It was the early 1990s, and the Clark County School District was dismantling what had been a federally mandated desegregation program, one that for years had bused black students from West Las Vegas to campuses in outlying areas as a means of maintaining racial diversity.
At the same time, white students were bused into West Las Vegas for one year to attend “sixth grade centers.”
In response to lawsuits and civil rights complaints filed by parents and educators, who argued that black students had as much right as their white peers to attend school close to home, district officials and West Las Vegas residents sat down to devise a possible solution.
The answer: Give students a choice. They could be bused to other schools, stay at their neighborhood schools, or apply to attend a new magnet school with premier programs.
The offer would be extended to students of six elementary schools in West Las Vegas, and the options became known as the Prime Six plan.
To school officials, the plan made sense because it embraced the recognized means of shrinking the achievement gap for at-risk students, promoting diversity and avoiding racial isolation.
But the Prime Six plan, which extended additional resources to the campuses, was left largely untended for years, getting only cursory attention.
Until now.
A recent review of the plan, by UCLA researchers hired by the district, points to its failure. The researchers found that almost without exception, the Prime Six schools are mired in lackluster achievement that lags far behind the districtwide average. The students are isolated by ethnicity, poverty and, in increasing numbers, language.
The review left many district officials “disappointed and disheartened,” School Board President Terri Janison said at a meeting Thursday. It’s also fueled the fury of those who say there are no surprises in the data, only confirmation that the district has fallen far short of its legal and moral obligation to provide equitable education to all students.
“Our children have taken the burden of being bused into outlying areas for the last 50 years,” Marzette Lewis, a longtime community activist and one of the district’s sharpest critics, told the Sun. “Now it’s 2009. We have a black president of the United States.

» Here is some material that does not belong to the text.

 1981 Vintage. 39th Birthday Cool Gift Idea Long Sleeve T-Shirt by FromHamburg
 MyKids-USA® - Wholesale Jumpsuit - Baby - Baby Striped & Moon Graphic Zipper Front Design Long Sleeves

These kids deserve to be able to walk to their neighborhood school and get a fair and decent education. Enough is enough.”
Research has shown that at-risk students perform better when they are in a diverse learning environment, rather than relegated to an isolated population. A small number of top-performing schools nationwide serves high-poverty and minority populations. But none of Clark County’s Prime Six campuses is “among those rare break-the-mold schools,” said Professor Gary Orfield, co-director of the Civil Rights Project at UCLA, which conducted the review.

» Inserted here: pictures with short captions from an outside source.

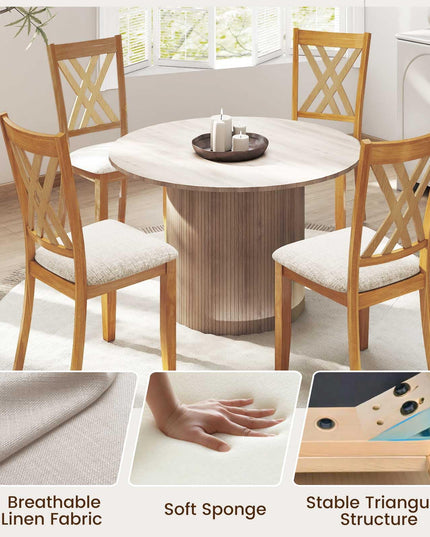 Giantex Wooden Dining Chairs Set of 2/4 Linen Fabric Upholstered Kitchen Chair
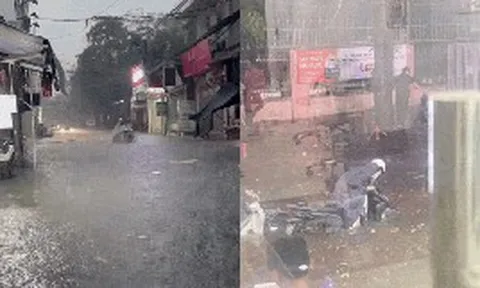 Đường ở Hà Nội ngập sau mưa lớn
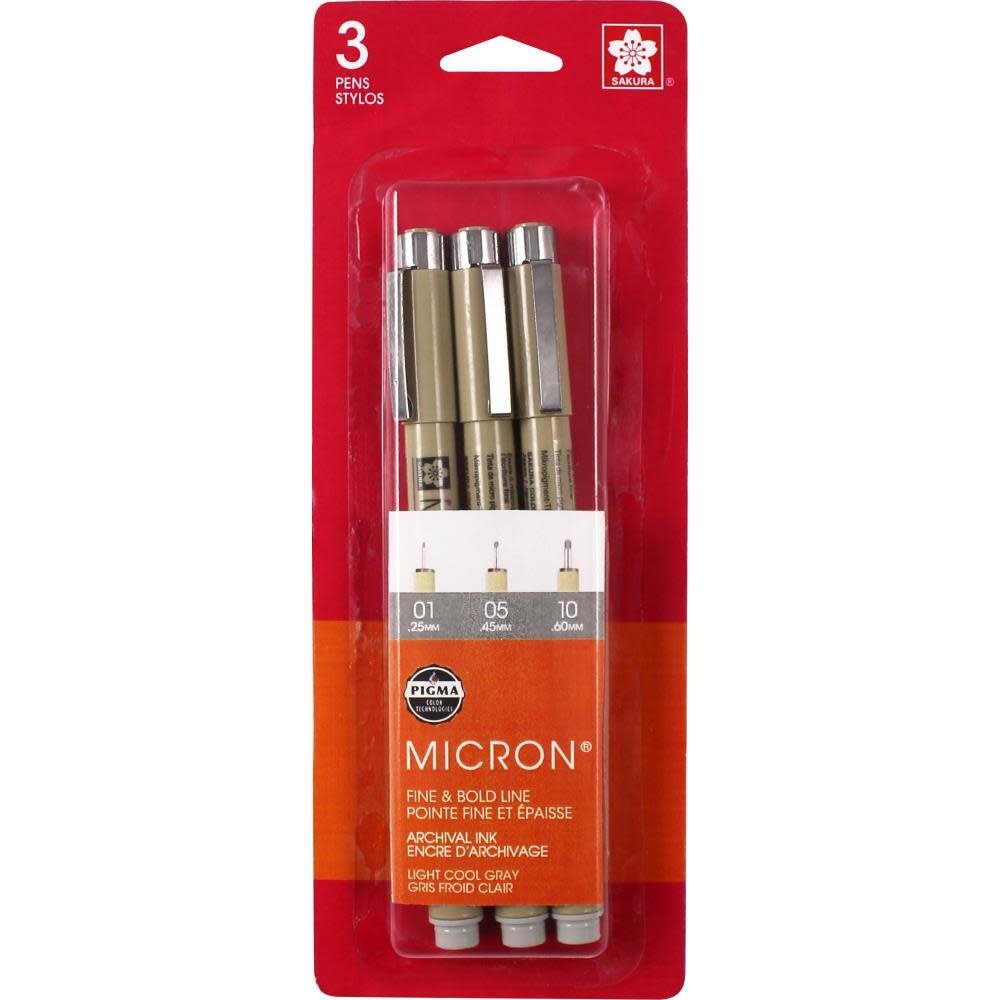 SAKURA SAKURA PIGMA MICRON LIGHT COOL GRAY PEN SET OF 3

What isn’t known is why the enrollment patterns are playing out the way they are.
Do families prefer the convenience and perceived safety of a neighborhood schools to putting their children on buses for crosstown journeys to higher-achieving schools? Has the district not done enough to inform parents about the potential benefits to their children of the magnet schools, which all boast higher academic achievement than the Prime Six campuses?
Are the schools performing poorly because of the inferior quality of the instruction or campus leadership?
The review does not make recommendations or draw conclusions because the findings are based solely on statistical data, with no independent research or visits to the Prime Six schools, Orfield said. However, the review lays out “extremely troubling” statistical patterns and explains the possible implications for students and the district as a whole, Orfield said.
Carolyn Edwards, the School Board’s vice president, said she was disappointed the review didn’t come with advice on what should come next. But she also knows that isn’t what the district requested — or paid for. Orfield told the Sun the district paid about $12,000 to have the data analyzed, and that the three researchers assigned to the project donated many hours of their own time to the job. Orfield said he received about $3,000 to write the final review.
So, where does the district go from here? At Thursday’s meeting, Superintendent Walt Rulffes said there might be grant money available to pay for a team of experts to help guide the process.
“There is urgency here,” Edwards interjected. “Pursuing grant money and taking two years to figure this out is not acceptable.”
There is no reason why the district can’t take immediate action, Richard Boulware, a federal public defender and lifelong resident of Las Vegas, said at the School Board meeting. He suggested experts be hired to return this fall to conduct a full-scale investigation and return to the School Board with suggestions. The cost of waiting, in terms of “misallocated resources and lost children,” is too great, Boulware said.
Clark County is hardly alone in struggling with such issues. Dozens of public school systems are under federal desegregation orders. After decades of busing black students to outlying suburbs, Boston’s mayor wants them to return to neighborhood schools. But the community is resisting because parents don’t want to lose the options that came with busing, Orfield said.
In North Carolina, two of the state’s largest districts have been studying whether it’s better to bus minority students or pour money into magnet programs to promote voluntary diversity. Orfield’s team is working with a number of districts on revised desegregation plans, including Tucson.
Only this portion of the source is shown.